### PROBLEM TO SOLVE
Beginning with the line containing "Kids CashSoft Ruffle Sweater" and ending with the last line of the records, set down every line exactly.

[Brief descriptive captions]
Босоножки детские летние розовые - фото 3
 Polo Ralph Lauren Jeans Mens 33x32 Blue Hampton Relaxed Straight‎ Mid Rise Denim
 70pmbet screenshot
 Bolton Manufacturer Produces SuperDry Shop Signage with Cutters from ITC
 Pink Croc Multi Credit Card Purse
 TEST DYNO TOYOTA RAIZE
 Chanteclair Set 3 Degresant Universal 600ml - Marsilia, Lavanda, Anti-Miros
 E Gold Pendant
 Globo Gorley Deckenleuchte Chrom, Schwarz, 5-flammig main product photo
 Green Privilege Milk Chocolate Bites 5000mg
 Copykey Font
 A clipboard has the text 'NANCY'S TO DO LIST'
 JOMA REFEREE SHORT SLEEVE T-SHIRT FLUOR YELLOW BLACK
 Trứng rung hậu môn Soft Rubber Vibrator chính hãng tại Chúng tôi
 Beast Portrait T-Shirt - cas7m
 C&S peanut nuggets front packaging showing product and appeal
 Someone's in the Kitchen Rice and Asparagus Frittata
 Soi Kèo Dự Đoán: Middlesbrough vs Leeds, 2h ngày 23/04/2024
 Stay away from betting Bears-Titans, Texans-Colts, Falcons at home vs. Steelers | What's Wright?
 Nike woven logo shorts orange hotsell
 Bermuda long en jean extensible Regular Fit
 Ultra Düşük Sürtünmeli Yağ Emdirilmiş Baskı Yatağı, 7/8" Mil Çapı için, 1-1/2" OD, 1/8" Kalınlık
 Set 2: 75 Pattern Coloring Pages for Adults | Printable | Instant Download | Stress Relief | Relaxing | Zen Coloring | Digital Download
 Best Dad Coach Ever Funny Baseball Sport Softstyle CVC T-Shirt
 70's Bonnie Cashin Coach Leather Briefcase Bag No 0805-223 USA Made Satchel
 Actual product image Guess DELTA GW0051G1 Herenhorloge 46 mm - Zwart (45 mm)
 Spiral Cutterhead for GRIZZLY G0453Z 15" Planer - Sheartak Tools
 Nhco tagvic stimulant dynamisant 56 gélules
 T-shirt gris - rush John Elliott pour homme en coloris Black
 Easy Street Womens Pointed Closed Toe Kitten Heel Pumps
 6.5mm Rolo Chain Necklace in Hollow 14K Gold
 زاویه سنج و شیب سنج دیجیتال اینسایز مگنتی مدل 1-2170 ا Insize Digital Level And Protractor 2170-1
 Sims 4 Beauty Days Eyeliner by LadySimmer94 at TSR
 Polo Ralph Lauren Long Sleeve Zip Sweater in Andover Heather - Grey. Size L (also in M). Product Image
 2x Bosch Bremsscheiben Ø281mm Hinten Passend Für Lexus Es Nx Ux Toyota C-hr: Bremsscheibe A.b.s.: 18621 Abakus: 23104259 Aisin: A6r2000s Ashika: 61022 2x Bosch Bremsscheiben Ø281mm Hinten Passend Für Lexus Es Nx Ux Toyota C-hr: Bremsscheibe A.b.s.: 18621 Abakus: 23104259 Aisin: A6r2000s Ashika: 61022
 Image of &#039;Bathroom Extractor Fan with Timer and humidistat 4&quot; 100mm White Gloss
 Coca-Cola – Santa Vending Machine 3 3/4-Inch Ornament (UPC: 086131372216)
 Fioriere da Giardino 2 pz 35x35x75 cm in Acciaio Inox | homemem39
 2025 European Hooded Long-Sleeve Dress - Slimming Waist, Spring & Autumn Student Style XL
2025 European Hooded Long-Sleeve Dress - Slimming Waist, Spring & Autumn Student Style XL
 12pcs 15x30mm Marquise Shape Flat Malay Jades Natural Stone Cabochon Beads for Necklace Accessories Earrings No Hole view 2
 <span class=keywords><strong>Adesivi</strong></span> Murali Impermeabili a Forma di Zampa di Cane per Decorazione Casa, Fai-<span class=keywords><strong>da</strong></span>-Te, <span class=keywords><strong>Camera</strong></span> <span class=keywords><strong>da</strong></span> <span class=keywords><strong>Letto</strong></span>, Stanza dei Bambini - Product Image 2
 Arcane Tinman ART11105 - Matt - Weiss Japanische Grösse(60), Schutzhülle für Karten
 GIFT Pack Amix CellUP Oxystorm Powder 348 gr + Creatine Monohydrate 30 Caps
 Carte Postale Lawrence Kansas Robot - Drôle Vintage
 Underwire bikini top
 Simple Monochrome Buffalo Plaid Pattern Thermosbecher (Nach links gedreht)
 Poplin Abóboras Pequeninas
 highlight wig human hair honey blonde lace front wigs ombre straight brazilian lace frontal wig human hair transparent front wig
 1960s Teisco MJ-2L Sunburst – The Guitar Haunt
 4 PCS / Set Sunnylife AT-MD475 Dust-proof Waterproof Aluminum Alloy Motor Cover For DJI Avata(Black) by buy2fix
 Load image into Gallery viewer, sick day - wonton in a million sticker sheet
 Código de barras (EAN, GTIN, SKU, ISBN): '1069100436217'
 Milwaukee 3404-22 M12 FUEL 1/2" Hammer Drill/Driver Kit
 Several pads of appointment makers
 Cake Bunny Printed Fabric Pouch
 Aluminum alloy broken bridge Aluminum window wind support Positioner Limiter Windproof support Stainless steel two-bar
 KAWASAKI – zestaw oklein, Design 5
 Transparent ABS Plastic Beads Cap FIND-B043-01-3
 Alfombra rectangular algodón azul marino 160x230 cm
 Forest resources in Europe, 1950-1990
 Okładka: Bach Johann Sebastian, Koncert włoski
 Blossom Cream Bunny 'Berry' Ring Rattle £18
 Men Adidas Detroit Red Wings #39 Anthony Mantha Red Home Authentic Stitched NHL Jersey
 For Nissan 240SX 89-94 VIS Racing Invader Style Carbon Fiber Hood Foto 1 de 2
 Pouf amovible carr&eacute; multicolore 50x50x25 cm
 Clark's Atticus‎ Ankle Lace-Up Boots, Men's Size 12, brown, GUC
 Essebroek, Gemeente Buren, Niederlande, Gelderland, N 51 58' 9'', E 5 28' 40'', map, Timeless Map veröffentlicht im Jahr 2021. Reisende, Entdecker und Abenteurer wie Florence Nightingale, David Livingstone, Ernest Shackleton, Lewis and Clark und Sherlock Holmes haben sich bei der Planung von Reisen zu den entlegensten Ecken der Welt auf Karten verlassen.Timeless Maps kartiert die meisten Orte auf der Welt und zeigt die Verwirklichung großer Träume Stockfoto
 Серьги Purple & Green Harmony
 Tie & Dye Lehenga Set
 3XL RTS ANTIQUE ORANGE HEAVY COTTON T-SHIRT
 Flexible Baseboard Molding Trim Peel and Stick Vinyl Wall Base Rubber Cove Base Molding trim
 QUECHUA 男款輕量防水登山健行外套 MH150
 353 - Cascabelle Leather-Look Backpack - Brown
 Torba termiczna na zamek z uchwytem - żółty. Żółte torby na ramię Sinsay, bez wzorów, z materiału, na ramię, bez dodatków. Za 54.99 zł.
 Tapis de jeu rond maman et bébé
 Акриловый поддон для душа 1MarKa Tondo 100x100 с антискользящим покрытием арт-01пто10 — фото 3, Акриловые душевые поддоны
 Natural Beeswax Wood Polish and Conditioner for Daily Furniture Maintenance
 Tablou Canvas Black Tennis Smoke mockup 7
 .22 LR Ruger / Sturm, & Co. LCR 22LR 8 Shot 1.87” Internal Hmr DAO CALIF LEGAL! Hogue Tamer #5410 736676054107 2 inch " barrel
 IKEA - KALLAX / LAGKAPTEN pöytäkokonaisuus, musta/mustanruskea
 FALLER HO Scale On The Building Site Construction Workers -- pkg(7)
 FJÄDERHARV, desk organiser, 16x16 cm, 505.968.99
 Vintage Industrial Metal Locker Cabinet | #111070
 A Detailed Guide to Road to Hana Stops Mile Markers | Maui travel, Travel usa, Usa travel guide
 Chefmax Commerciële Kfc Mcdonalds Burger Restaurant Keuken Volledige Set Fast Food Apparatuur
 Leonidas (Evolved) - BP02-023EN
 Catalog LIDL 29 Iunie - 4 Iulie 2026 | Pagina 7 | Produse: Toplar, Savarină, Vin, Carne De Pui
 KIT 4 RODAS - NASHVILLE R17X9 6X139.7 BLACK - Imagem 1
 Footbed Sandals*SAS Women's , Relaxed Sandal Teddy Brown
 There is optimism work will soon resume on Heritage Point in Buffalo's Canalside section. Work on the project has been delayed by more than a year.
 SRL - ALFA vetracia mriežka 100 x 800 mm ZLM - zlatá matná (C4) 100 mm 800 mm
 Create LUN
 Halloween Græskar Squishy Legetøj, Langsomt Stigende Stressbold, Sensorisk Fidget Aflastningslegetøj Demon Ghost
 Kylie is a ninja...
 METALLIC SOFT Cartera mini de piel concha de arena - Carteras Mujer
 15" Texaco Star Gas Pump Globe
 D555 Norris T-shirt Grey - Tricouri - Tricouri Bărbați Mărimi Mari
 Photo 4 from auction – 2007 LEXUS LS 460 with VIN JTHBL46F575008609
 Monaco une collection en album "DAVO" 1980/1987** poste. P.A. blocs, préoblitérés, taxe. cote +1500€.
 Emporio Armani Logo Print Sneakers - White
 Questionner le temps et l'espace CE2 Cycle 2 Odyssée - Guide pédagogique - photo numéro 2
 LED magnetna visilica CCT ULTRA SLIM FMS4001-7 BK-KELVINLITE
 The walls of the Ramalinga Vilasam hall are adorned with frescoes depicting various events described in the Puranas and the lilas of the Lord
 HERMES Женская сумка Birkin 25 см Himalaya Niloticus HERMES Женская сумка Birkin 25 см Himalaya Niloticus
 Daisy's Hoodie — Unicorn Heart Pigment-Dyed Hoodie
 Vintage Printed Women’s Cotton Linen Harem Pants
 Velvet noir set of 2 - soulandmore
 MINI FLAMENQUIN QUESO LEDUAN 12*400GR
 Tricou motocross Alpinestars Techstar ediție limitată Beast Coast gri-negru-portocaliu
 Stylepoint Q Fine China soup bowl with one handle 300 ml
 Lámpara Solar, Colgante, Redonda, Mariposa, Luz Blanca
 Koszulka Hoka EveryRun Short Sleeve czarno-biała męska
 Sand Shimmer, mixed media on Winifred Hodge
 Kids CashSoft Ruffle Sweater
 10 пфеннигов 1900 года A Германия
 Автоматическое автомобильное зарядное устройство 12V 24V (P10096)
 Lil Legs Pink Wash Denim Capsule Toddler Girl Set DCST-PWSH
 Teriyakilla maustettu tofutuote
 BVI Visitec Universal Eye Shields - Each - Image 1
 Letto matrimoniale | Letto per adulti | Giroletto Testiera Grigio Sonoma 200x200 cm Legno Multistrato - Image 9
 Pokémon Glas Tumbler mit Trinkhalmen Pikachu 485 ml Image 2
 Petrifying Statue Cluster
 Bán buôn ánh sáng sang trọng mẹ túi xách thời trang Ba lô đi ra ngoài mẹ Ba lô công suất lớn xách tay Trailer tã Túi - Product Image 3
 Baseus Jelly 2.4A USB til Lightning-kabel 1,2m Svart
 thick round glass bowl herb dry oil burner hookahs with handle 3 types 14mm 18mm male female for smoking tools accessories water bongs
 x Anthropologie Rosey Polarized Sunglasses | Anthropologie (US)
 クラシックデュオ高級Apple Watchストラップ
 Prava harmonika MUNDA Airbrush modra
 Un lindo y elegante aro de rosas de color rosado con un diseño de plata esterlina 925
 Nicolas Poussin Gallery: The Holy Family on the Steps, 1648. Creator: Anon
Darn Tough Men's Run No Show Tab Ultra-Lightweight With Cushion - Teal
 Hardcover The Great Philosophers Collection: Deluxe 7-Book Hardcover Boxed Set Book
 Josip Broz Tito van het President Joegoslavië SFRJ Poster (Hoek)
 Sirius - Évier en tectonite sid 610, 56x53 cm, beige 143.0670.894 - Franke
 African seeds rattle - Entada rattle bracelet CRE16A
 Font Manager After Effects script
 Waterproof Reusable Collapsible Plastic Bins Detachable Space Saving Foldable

### SOLUTION TO THIS TASK
 Kids CashSoft Ruffle Sweater
 10 пфеннигов 1900 года A Германия
 Автоматическое автомобильное зарядное устройство 12V 24V (P10096)
 Lil Legs Pink Wash Denim Capsule Toddler Girl Set DCST-PWSH
 Teriyakilla maustettu tofutuote
 BVI Visitec Universal Eye Shields - Each - Image 1
 Letto matrimoniale | Letto per adulti | Giroletto Testiera Grigio Sonoma 200x200 cm Legno Multistrato - Image 9
 Pokémon Glas Tumbler mit Trinkhalmen Pikachu 485 ml Image 2
 Petrifying Statue Cluster
 Bán buôn ánh sáng sang trọng mẹ túi xách thời trang Ba lô đi ra ngoài mẹ Ba lô công suất lớn xách tay Trailer tã Túi - Product Image 3
 Baseus Jelly 2.4A USB til Lightning-kabel 1,2m Svart
 thick round glass bowl herb dry oil burner hookahs with handle 3 types 14mm 18mm male female for smoking tools accessories water bongs
 x Anthropologie Rosey Polarized Sunglasses | Anthropologie (US)
 クラシックデュオ高級Apple Watchストラップ
 Prava harmonika MUNDA Airbrush modra
 Un lindo y elegante aro de rosas de color rosado con un diseño de plata esterlina 925
 Nicolas Poussin Gallery: The Holy Family on the Steps, 1648. Creator: Anon
Darn Tough Men's Run No Show Tab Ultra-Lightweight With Cushion - Teal
 Hardcover The Great Philosophers Collection: Deluxe 7-Book Hardcover Boxed Set Book
 Josip Broz Tito van het President Joegoslavië SFRJ Poster (Hoek)
 Sirius - Évier en tectonite sid 610, 56x53 cm, beige 143.0670.894 - Franke
 African seeds rattle - Entada rattle bracelet CRE16A
 Font Manager After Effects script
 Waterproof Reusable Collapsible Plastic Bins Detachable Space Saving Foldable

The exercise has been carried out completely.